At some point in my life I became a feminist. This word is has so many connotations and meanings, some good and some bad. I would like to respond to some of the topics that have come up since planting myself in this camp in the context of the Church. So here are my answers to the frequently asked questions:
If you’re a feminist, what about abortion?
Well, this is an easy one. God creates life, and only God should take life. But let’s not stop there; as a follower of Jesus I am pro-life not just anti-abortion. I do not believe in the death penalty (our legal system is too corrupt for that), I think we need more restrictions on how to buy guns, and I think that my pro-life stance means I must give my time and money to to kids and teens in high risk communities. So, yeah, I think abortion is wrong, but I also believe that to be pro-life you need a comprehensive view of life as a whole.
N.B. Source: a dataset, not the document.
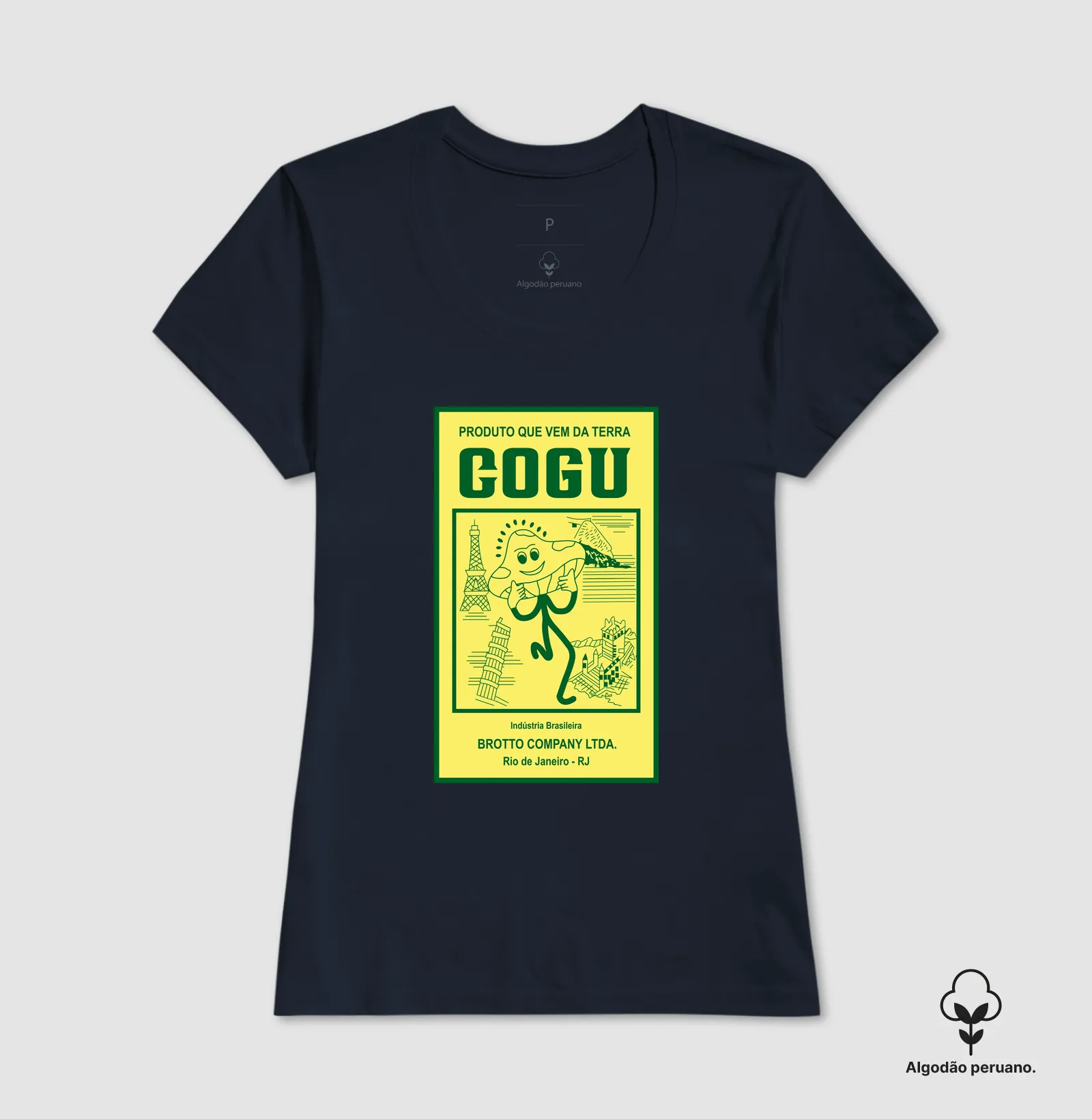 Camisa 2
And to be honest with you, when I talk with pro-choice men and women about this topic—it comes up once they learn I love Jesus—they really respect the consistency of this approach. It has broken down walls before they’ve gotten very high.
So, you think men are less?
What is this, 1962? Feminism does not mean men are inferior, it means we are equal. I do not need to emasculate a man in order to be at the same level, nor does a man need to belittle a woman in order to show strength. We, followers of Jesus, need to treat each other with the respect and dignity the Image of God brings to all people. Gender should never be a reason to treat someone as less.
Is this why you are single?
No. And no joke, someone asked me this. I know many feminists who are married, and when I marry, he will be a feminist also. I like who I am and who God is growing me to be.
Does this mean you don’t need men?
It is questions like this that slay me! This does not mean I do not need a man—I need my dad all the time! I need other men in my life with unique skill sets to help me out. Just last week I called my friend Andy because there was a sketchy car parked outside my house for the second Tuesday in row, same car, same man. Andy check on it for me (all was good, it was an unmarked cop car). But I did not think it was smart for me to walk up to the odd car and see what was up.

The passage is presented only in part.